MANILA-Senate President Pro Tempore Ralph Recto today urged the government to allow motor vehicles to keep their license plates and limit the installation of new car plates to brand new vehicles up for registration.
Recto said there is no logic to the plan of the Department of Transportation and Communications to replace all existing car license plates with a new design which will be introduced next month.
“It will be a waste of a car owner’s money, not to mention his time, if his car plate, which is still in perfect condition, and which still functions as a vehicle identification mark, will be replaced,” Recto said.
“In the first place, the new plate will still include the old numbers, so why subject the car owner to all the hassles of queuing in an LTO office just to have his car plate replaced with a new design?” he said.
“Why order the mass cancellation of nine million motor vehicle plates just because a new version will be introduced?” Recto said.

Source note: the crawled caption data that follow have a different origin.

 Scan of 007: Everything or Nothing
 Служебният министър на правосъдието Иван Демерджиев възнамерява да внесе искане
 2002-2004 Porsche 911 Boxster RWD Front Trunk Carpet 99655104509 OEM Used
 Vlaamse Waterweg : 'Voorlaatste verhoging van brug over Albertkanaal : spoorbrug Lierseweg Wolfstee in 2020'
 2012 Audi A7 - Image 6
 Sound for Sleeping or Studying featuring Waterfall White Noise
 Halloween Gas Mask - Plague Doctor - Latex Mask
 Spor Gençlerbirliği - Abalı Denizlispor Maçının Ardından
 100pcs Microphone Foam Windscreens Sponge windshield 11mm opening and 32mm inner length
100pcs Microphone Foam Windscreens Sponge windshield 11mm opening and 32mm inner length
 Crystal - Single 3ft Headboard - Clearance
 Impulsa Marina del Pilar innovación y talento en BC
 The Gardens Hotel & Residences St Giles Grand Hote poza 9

“Bakit idadamay ang mga lumang plaka na hindi naman sira? Bakit hindi na lamang sa mga bagong kotse ilagay ang bagong plaka?” Recto said.
He said both the DOTC and the manufacturer of the new plates “will be making a killing by creating a captive market for a product, in so far as existing cars are concerned, that is not needed.”

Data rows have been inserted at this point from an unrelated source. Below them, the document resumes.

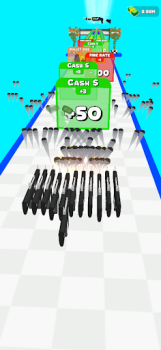 Gun Clone mod apk unlimited money v1.2.5 screenshot 4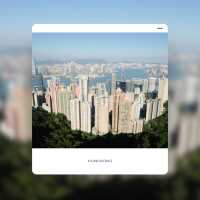 🇭🇰แชร์งบเที่ยว Hongkong 5 วัน 4 คืน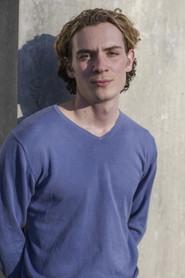 Rory Maglich as Greg Owen in river man 2026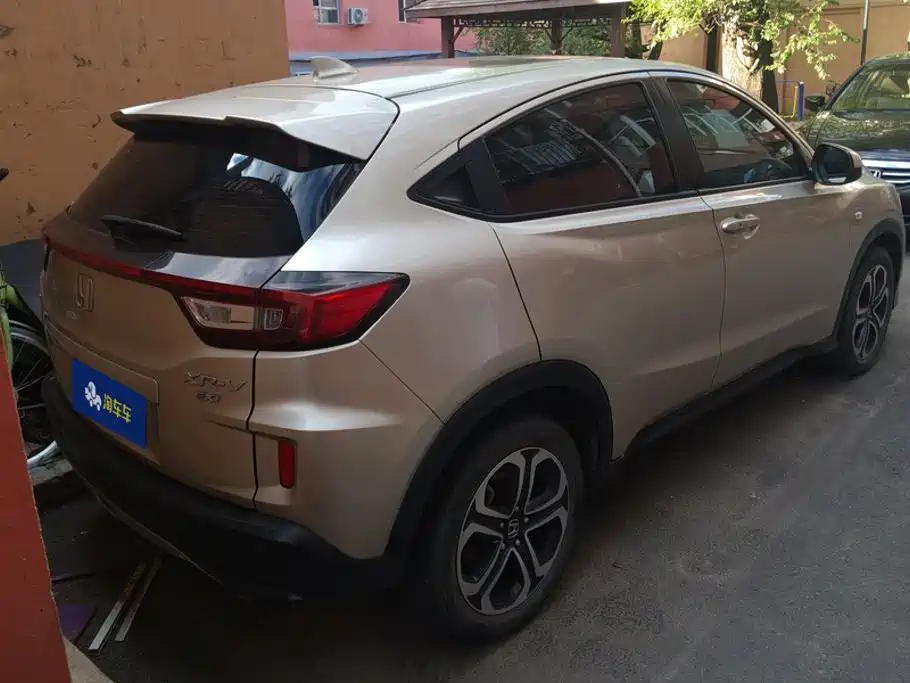 Honda XR-V — миниатюра 3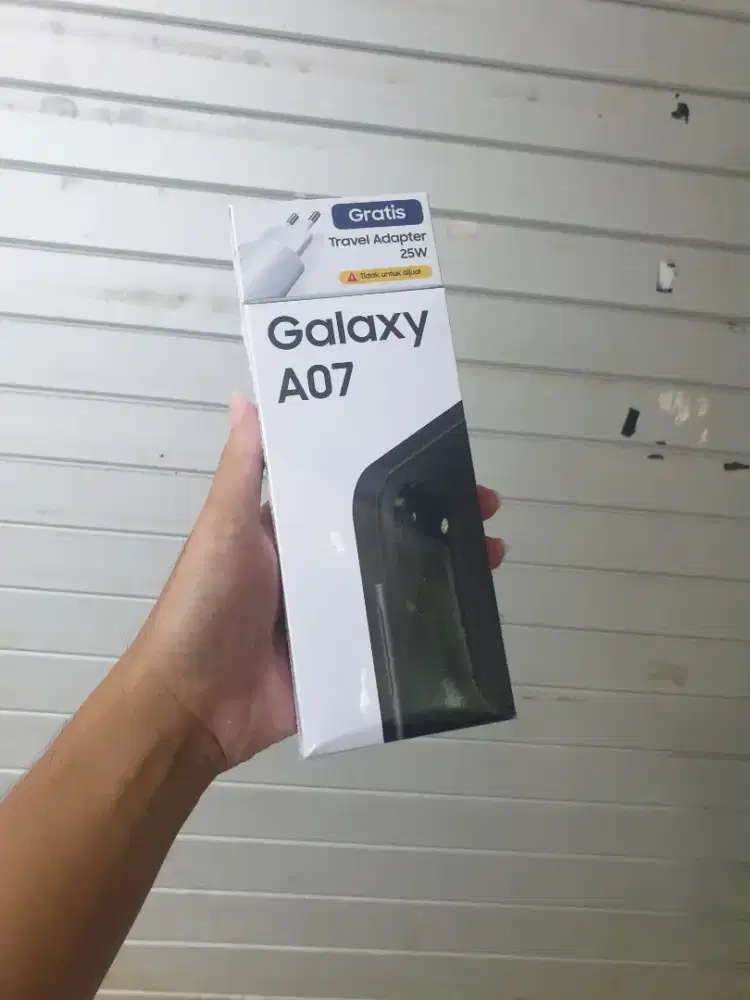 Samsung A07 4/128 New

Under the DOTC plan, car owners will cough up P450 for a pair of new plates. Of this amount, P380 will be the manufacturer’s share while P70 will be the DOTC’s “administration fee.”
Recto said DOTC’s justification that the new plates will improve vehicle security does not hold water.

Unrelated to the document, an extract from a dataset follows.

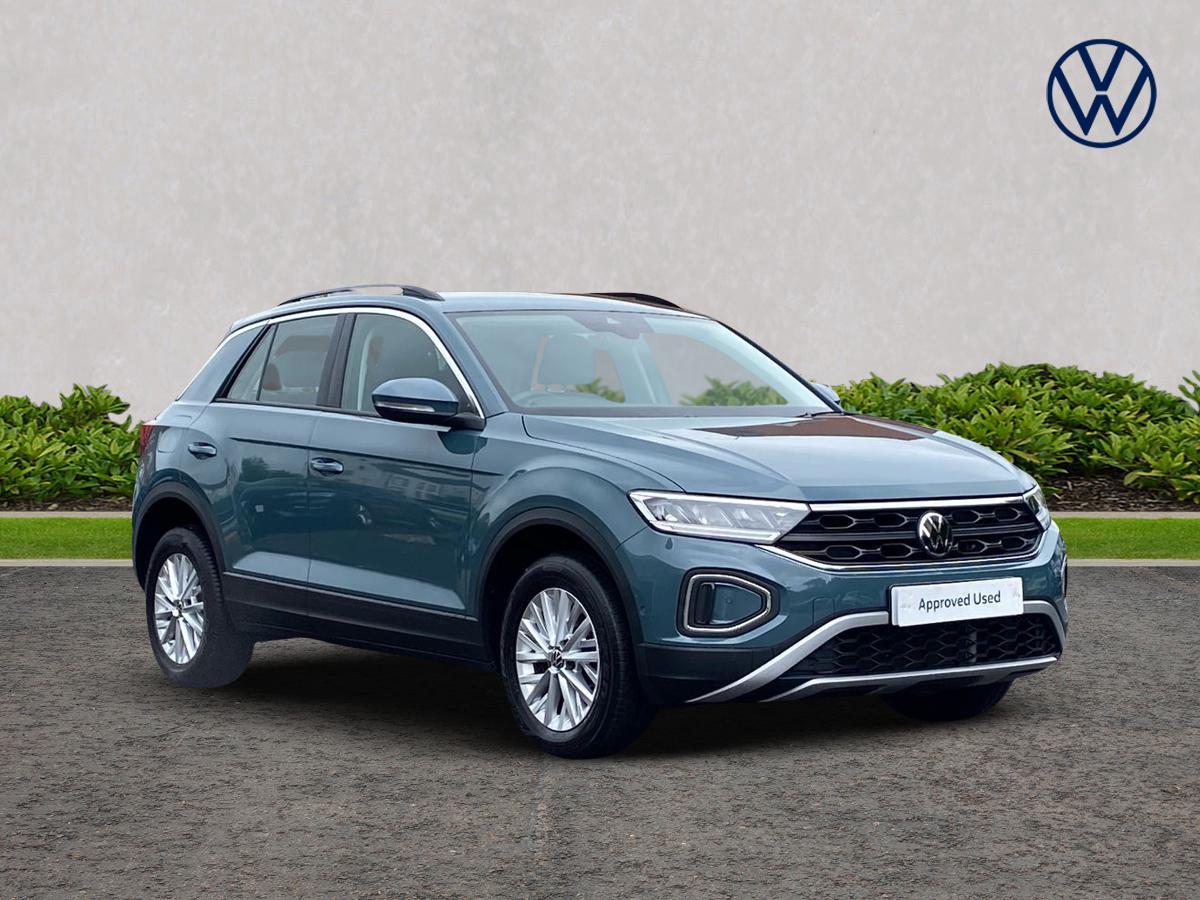 Main listing image - Volkswagen T-Roc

“A car plate can never be an anti-carnapping device. Kahit na nga ‘8’ ang plaka, nananakaw pa. A plate can never be a talisman against theft,” Recto said, referring to the protocol plate number assigned to congressmen.
He said more police patrols, well-lighted streets, the dismantling of carjacking syndicates, the arrest of their leaders are the best deterrents against car theft and “not some tamper-resistant locks on a plate.”
In the case of the reported practice of buses, for-hire and public utility vehicles of switching and duplicating license plates, “these can also be addressed by serious law enforcement,” Recto said.
Recto, however, conceded that there is merit in replacing PUV license plates with a new version that will include their routes.
“I fully agree that this can weed out colorum vehicles and prevent the cloning of car plates,” Recto said.
Recto said he cannot see how new car plates will improve the flow of traffic in Metro Manila.
Recto said the “general problem” with car plates is not their design but their short supply and non-availability.
“So the solution is to make them readily available and not to make their installation mandatory to all vehicles,” he said.
"If it ain't broke, why fix it?” he added.
Recto lamented that while it takes a Japanese company an average of two days to assemble a three-ton vehicle, it takes us almost a year to provide a car with a license plate weighing a few hundred grams.